# Relocation Tips



## vijayhema (Apr 28, 2008)

Hello All
We are a family of four (2+2) planning to move to Canada (pref Toronto area). I would like to know some details so that we can plan our move comfortably. What is the approx cost of the following: Rent in Toronto area pref 2-3 bedroom, daycare charges for my toddler, groceries, utilities, phone, cable, car insurance, gas any other misc expenses like eating out, clothing.
Is private schooling better than public schools for elementry schooling? How much does a private school charges? (Dont really want to put my child there if too expensive). 
If planning to buy a house there atleast 4 bedrooms in suburbs what would be the approx cost and the insurance? Do the govt give any tax rebate for owning a house? Laslty what is the % of tax they take off your pay? 
Thanks a lot in advance for helping me out.


----------



## cbelanger82 (Apr 22, 2008)

Hi, hope this helps a little...
Here is an example of a monthly "Canadian budget":
Home insurance (value of the house: 240 000$ + contents: 50000): 115$
Electricity: 150$
Water: 30$
Gas (intermediate car): 150$
Phone: 40$
Groceries (2 persons): 250$
Internet services: 40$
Cable/satellite dish: between 25$ and 100$ (No need for a TV license)
Car Insurance: 120$ (quotes are based on type of car, age of car, annual mileage, age and experience of the driver, type of protection desired, etc...)
These are just rough amount, but it gives you a good idea of how much things might cost. Dining out in Canada costs between 20 and 25$ (including taxes and tip) in a decent restaurant. It is possible to eat great food for less than that in small local restaurants. Hope this helps you a bit, feel free to contact me for more info...

About the schools... I think that most of the public schools are just as good as the private one. I've read a report in a magazine a few years ago and I was very surprised. The results at the government exams (at the end of every school year) were the same for both...

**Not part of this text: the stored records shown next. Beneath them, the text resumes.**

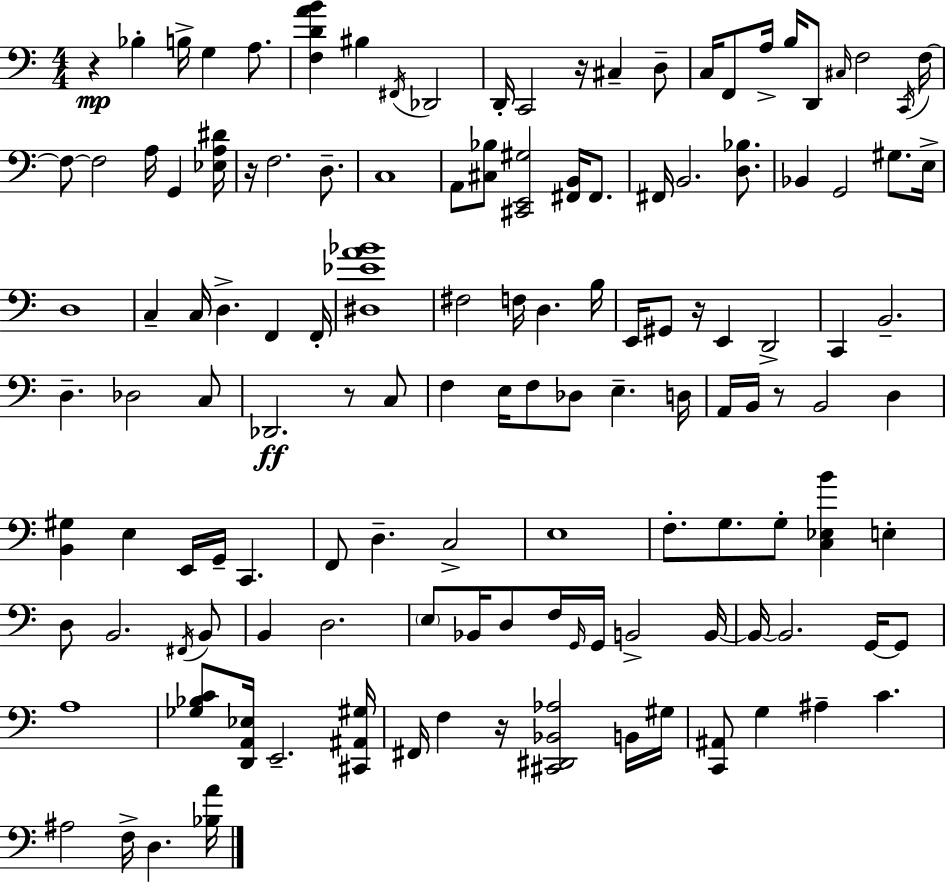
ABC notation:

X:1
T:Untitled
M:4/4
L:1/4
K:C
z _B, B,/4 G, A,/2 [F,DAB] ^B, ^F,,/4 _D,,2 D,,/4 C,,2 z/4 ^C, D,/2 C,/4 F,,/2 A,/4 B,/4 D,,/2 ^C,/4 F,2 C,,/4 F,/4 F,/2 F,2 A,/4 G,, [_E,A,^D]/4 z/4 F,2 D,/2 C,4 A,,/2 [^C,_B,]/2 [^C,,E,,^G,]2 [^F,,B,,]/4 ^F,,/2 ^F,,/4 B,,2 [D,_B,]/2 _B,, G,,2 ^G,/2 E,/4 D,4 C, C,/4 D, F,, F,,/4 [^D,_EA_B]4 ^F,2 F,/4 D, B,/4 E,,/4 ^G,,/2 z/4 E,, D,,2 C,, B,,2 D, _D,2 C,/2 _D,,2 z/2 C,/2 F, E,/4 F,/2 _D,/2 E, D,/4 A,,/4 B,,/4 z/2 B,,2 D, [B,,^G,] E, E,,/4 G,,/4 C,, F,,/2 D, C,2 E,4 F,/2 G,/2 G,/2 [C,_E,B] E, D,/2 B,,2 ^F,,/4 B,,/2 B,, D,2 E,/2 _B,,/4 D,/2 F,/4 G,,/4 G,,/4 B,,2 B,,/4 B,,/4 B,,2 G,,/4 G,,/2 A,4 [_G,_B,C]/2 [D,,A,,_E,]/4 E,,2 [^C,,^A,,^G,]/4 ^F,,/4 F, z/4 [^C,,^D,,_B,,_A,]2 B,,/4 ^G,/4 [C,,^A,,]/2 G, ^A, C ^A,2 F,/4 D, [_B,A]/4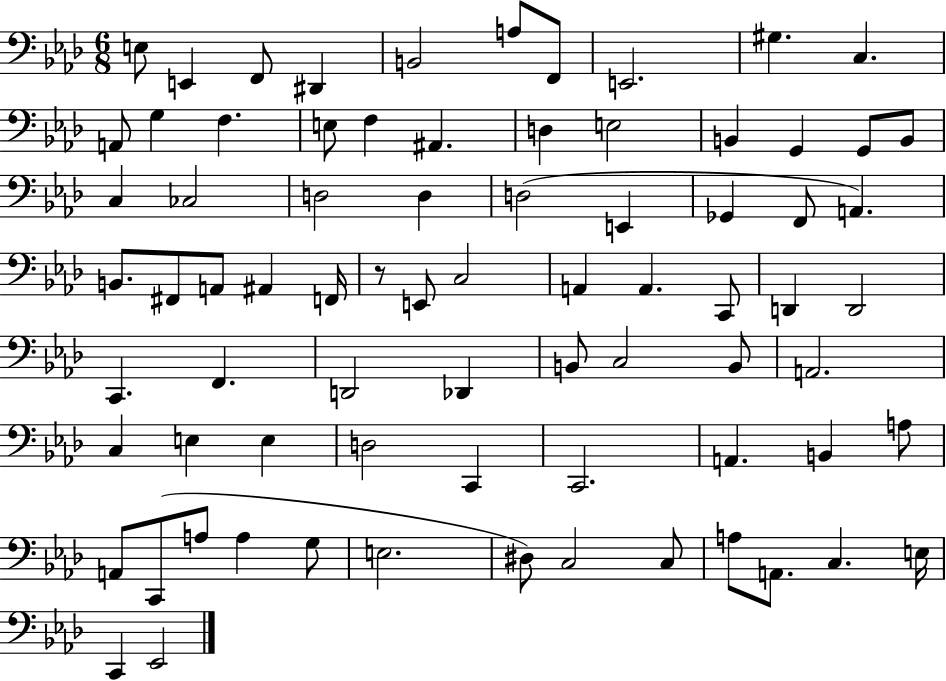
E3/e E2/q F2/e D#2/q B2/h A3/e F2/e E2/h. G#3/q. C3/q. A2/e G3/q F3/q. E3/e F3/q A#2/q. D3/q E3/h B2/q G2/q G2/e B2/e C3/q CES3/h D3/h D3/q D3/h E2/q Gb2/q F2/e A2/q. B2/e. F#2/e A2/e A#2/q F2/s R/e E2/e C3/h A2/q A2/q. C2/e D2/q D2/h C2/q. F2/q. D2/h Db2/q B2/e C3/h B2/e A2/h. C3/q E3/q E3/q D3/h C2/q C2/h. A2/q. B2/q A3/e A2/e C2/e A3/e A3/q G3/e E3/h. D#3/e C3/h C3/e A3/e A2/e. C3/q. E3/s C2/q Eb2/h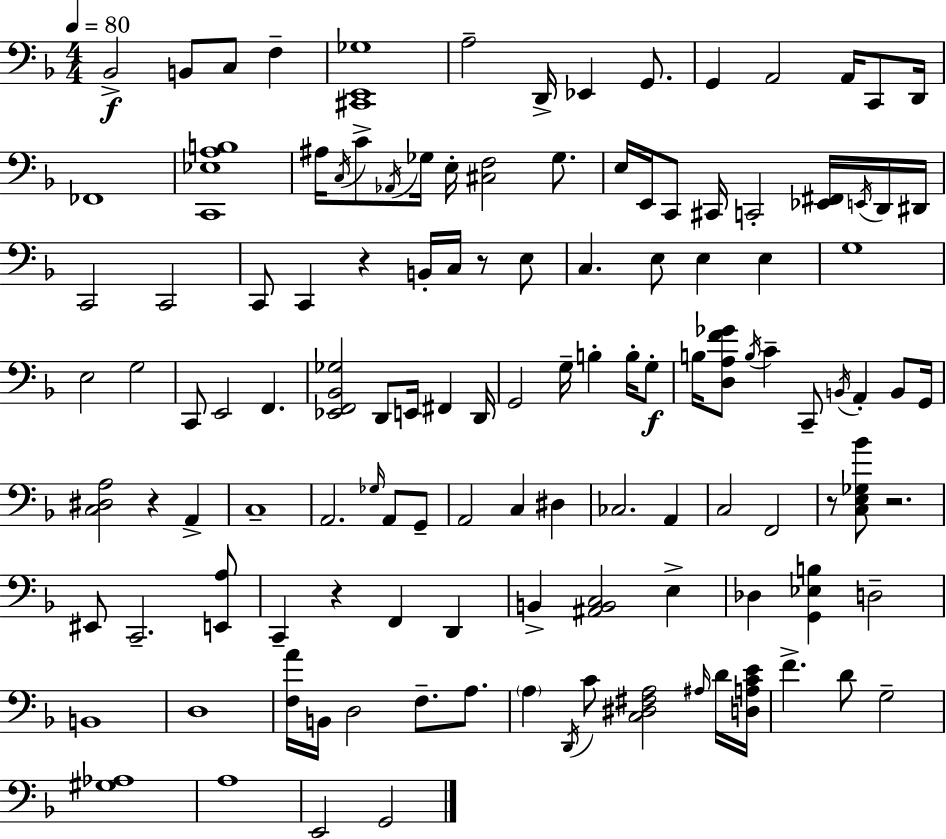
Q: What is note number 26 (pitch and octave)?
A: C2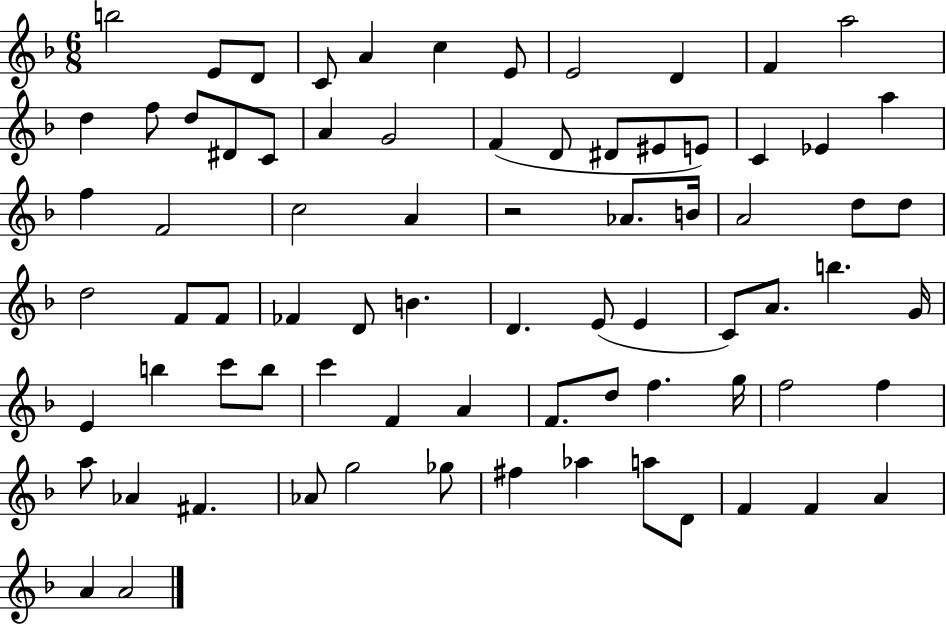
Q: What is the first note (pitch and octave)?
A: B5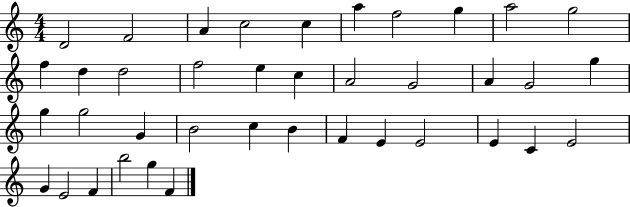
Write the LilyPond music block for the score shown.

{
  \clef treble
  \numericTimeSignature
  \time 4/4
  \key c \major
  d'2 f'2 | a'4 c''2 c''4 | a''4 f''2 g''4 | a''2 g''2 | \break f''4 d''4 d''2 | f''2 e''4 c''4 | a'2 g'2 | a'4 g'2 g''4 | \break g''4 g''2 g'4 | b'2 c''4 b'4 | f'4 e'4 e'2 | e'4 c'4 e'2 | \break g'4 e'2 f'4 | b''2 g''4 f'4 | \bar "|."
}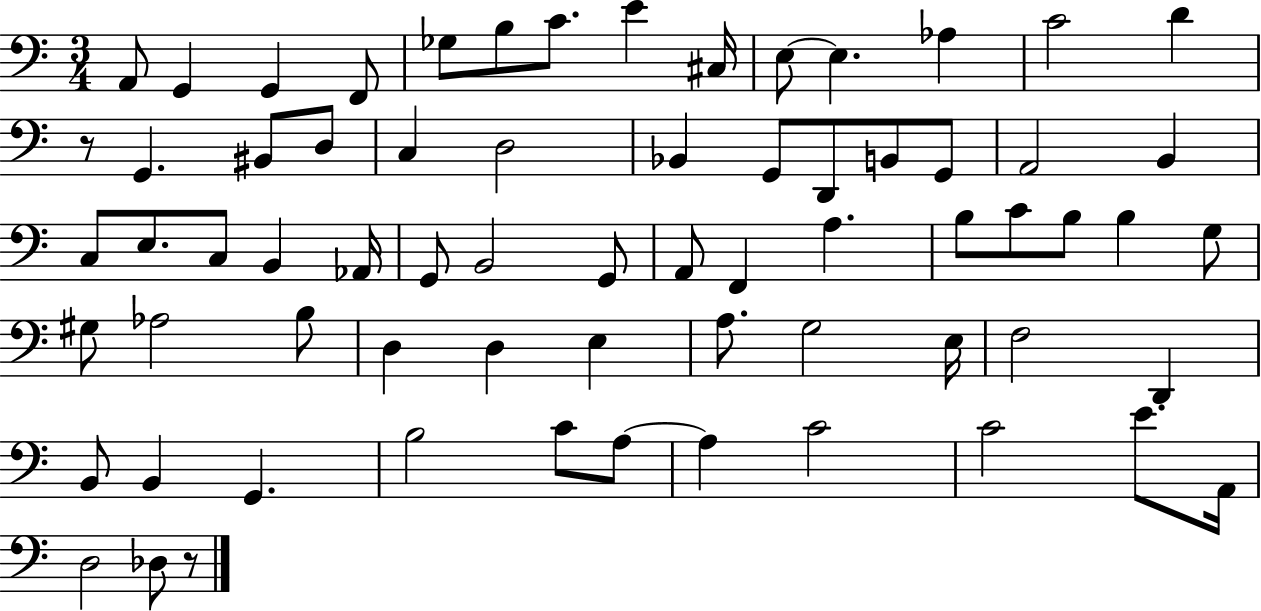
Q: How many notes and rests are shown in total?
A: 68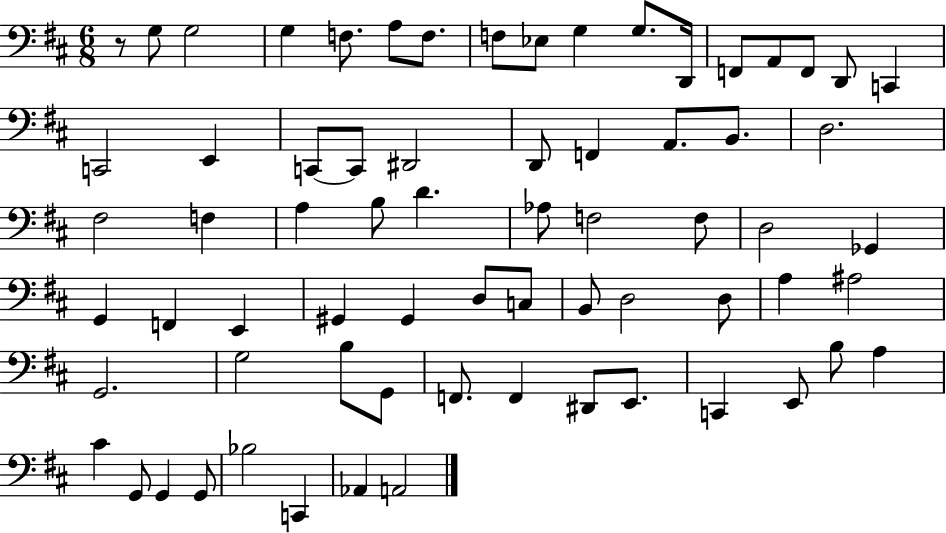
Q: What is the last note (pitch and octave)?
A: A2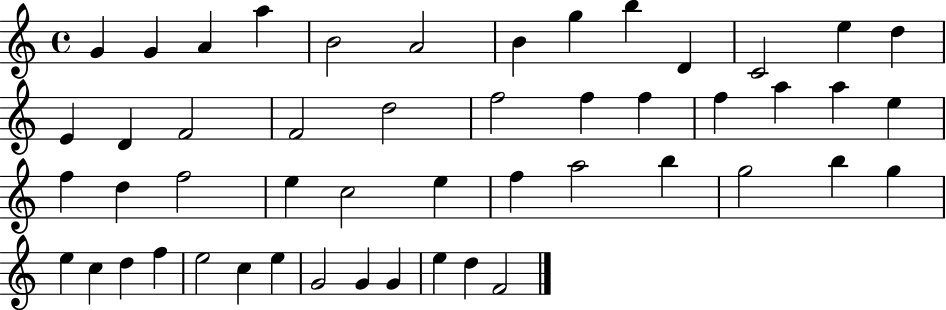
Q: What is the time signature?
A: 4/4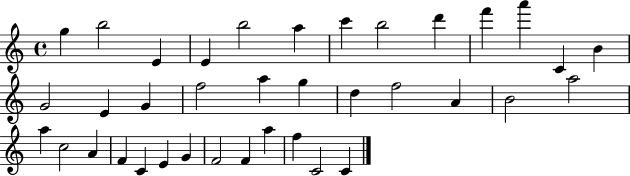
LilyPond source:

{
  \clef treble
  \time 4/4
  \defaultTimeSignature
  \key c \major
  g''4 b''2 e'4 | e'4 b''2 a''4 | c'''4 b''2 d'''4 | f'''4 a'''4 c'4 b'4 | \break g'2 e'4 g'4 | f''2 a''4 g''4 | d''4 f''2 a'4 | b'2 a''2 | \break a''4 c''2 a'4 | f'4 c'4 e'4 g'4 | f'2 f'4 a''4 | f''4 c'2 c'4 | \break \bar "|."
}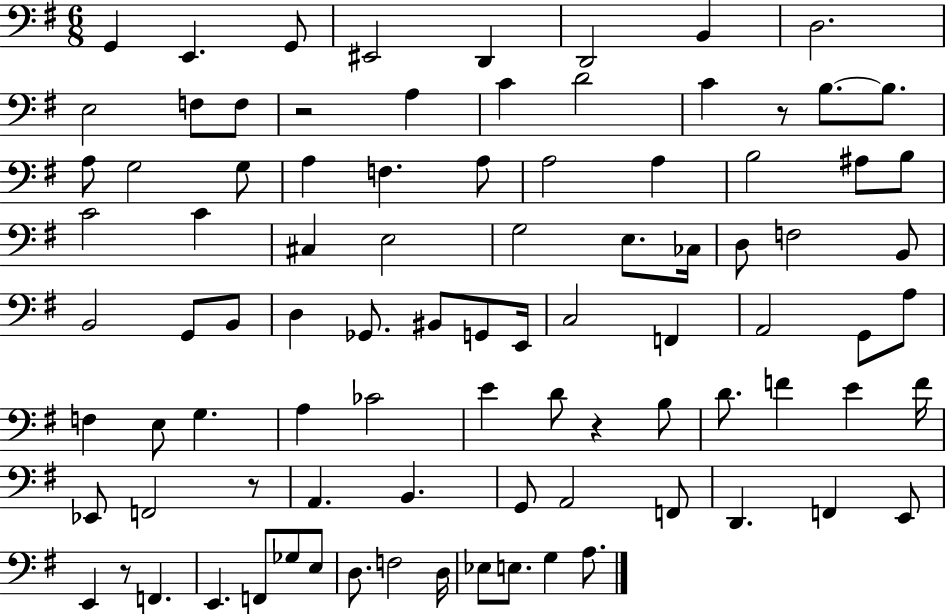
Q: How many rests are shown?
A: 5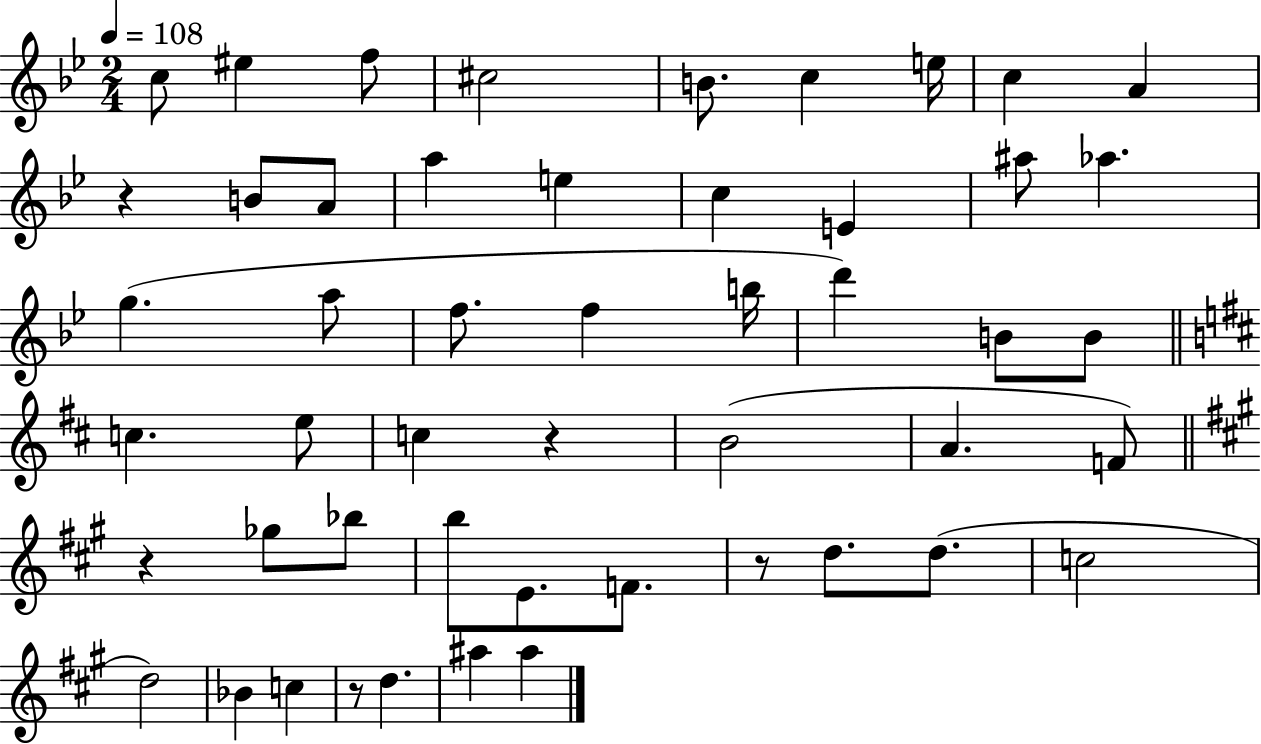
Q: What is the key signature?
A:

Taxes...it is a very delicate question!!! All canadians have to file a tax report in March. The percentage you pay depends on how much you earn. You can get credits if you have kids, if you invested in a RSP, etc, etc... It also depends in which province you live. Each provinces have different rates. You might want to have a look at the canadian government website at:
canada dot gc dot ca

Toronto is the most expensive Canadian city to live in. You can have a look at Royallepage dot com (real estate agent) to get an idea of the prices in the area.

Hope this helps, 

Cindy


----------



## vijayhema (Apr 28, 2008)

Thanks a lot Cindy for your tips!! Greatly appreciate it and will try and do some more research work on the websites. 
Hema


----------